Lando Norris (Getty Images)
Nell’ultimo GP stagionale di Abu Dhabi, Lando Norris si laurea campione del mondo per la prima volta grazie al terzo posto sul circuito di Yas Marina. Nonostante la vittoria in gara, Max Verstappen non riesce a difendere il titolo, interrompendo il suo ciclo di quattro mondiali consecutivi.
Lando Norris è campione del mondo. Dopo quattro anni di dominio incontrastato di Max Verstappen, il pilota britannico centra il titolo iridato al termine di una stagione in cui ha saputo coniugare costanza, precisione e lucidità nei momenti decisivi. La vittoria ad Abu Dhabi, conquistata con una gara solida e senza errori, suggella un percorso iniziato con un Mondiale che sembrava già scritto a favore dell’olandese.
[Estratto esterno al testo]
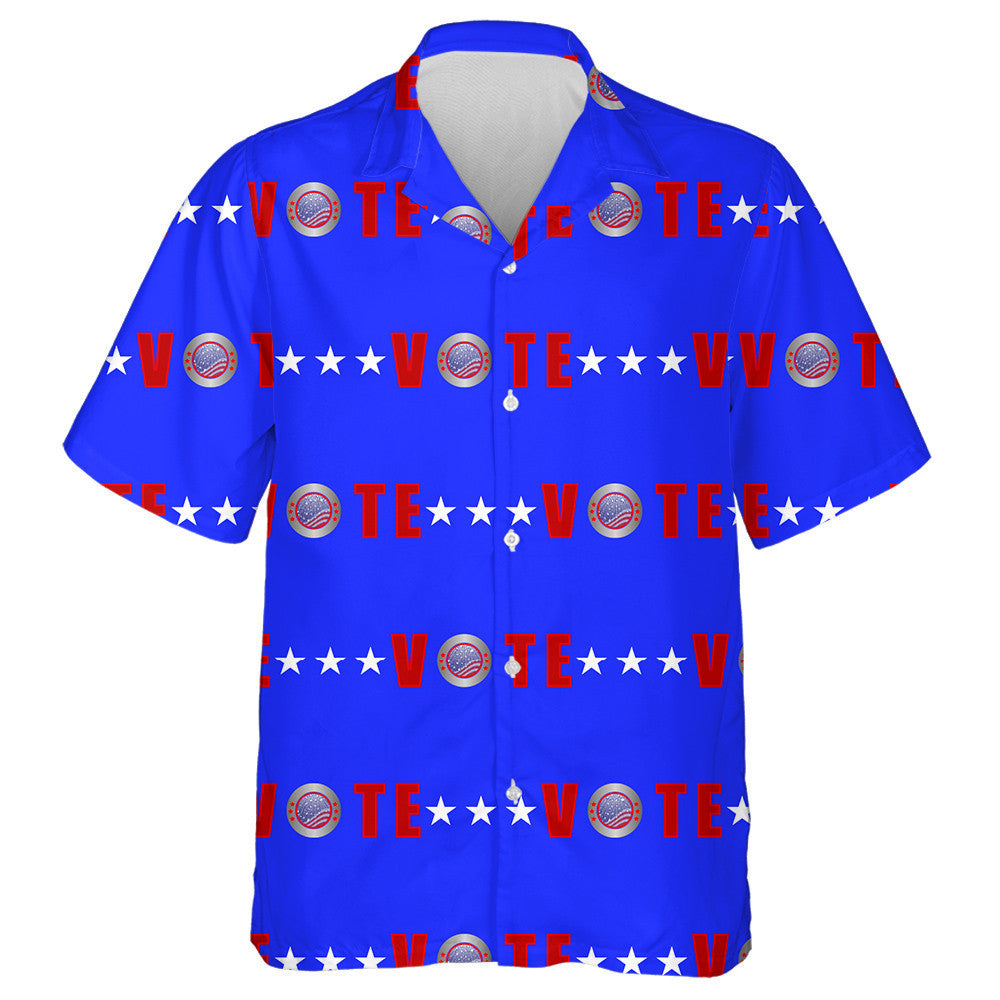 Ideal American Vote Horizontal Stripes On Blue Background Hawaiian Shirt , Hawaiian Shirt Gift, Christmas Gift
La stagione ha visto Norris prendere il comando delle operazioni già nelle prime gare, approfittando di alcuni passaggi a vuoto di Verstappen e di una gestione impeccabile del suo team. Il britannico ha messo in mostra una costanza rara, evitando rischi inutili e capitalizzando ogni occasione: punti preziosi accumulati gara dopo gara che hanno costruito un vantaggio psicologico e tecnico difficile da colmare per chiunque, ma non per Verstappen, che nelle ultime gare ha tentato il tutto per tutto per costruirsi una chance di rimonta. Una rimonta sfumata per appena due punti, visto che il pilota della McLaren ha chiuso il Mondiale a quota 423 punti, davanti ai 421 del rivale della RedBull e che se avessero chiuso a pari punti il titolo sarebbe andato a Verstappen in virtù del numero di gran premi vinti in stagione: otto contro i sette di Norris. Inevitabile per l'olandese non pensare alla gara della scorsa settimana in Qatar, dove Norris ha recuperato proprio due punti sfruttando un errore di Kimi Antonelli all'inizio dell'ultimo giro.
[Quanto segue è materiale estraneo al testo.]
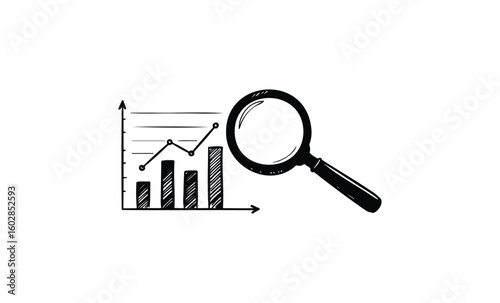 Business growth analysis with bar chart and magnifying glass sketch. Vector retro hand drawn illustration.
La gara di Abu Dhabi ha rappresentato la sintesi perfetta della stagione di Norris: partenza accorta, gestione dei pit stop e mantenimento della concentrazione fino alla bandiera a scacchi. L’olandese, pur vincendo la corsa, non è riuscito a recuperare il distacco, confermando che i quattro anni di dominio sono stati interrotti da un talento giovane e capace di gestire la pressione del momento clou.
Alle spalle dei due contendenti, la stagione è stata amara per Ferrari e altri protagonisti attesi al vertice. Charles Leclerc e Lewis Hamilton non hanno mai realmente impensierito i leader della classifica, incapaci di inserirsi nella lotta per il titolo o di ottenere risultati significativi in gran parte del campionato. Una conferma, se ce ne fosse bisogno, delle difficoltà del Cavallino Rosso nel trovare una combinazione di macchina e strategia competitiva.
Il Mondiale 2025 si chiude quindi con un volto nuovo sul gradino più alto del podio e con alcune conferme sullo stato della Formula 1: Norris dimostra che la gestione mentale, l’attenzione ai dettagli e la capacità di evitare errori critici contano quanto la velocità pura. Verstappen, pur da vincitore di tante gare, dovrà riflettere sulle occasioni perdute, mentre la Ferrari è chiamata a ripensare, ancora una volta, strategie e sviluppo per la stagione successiva.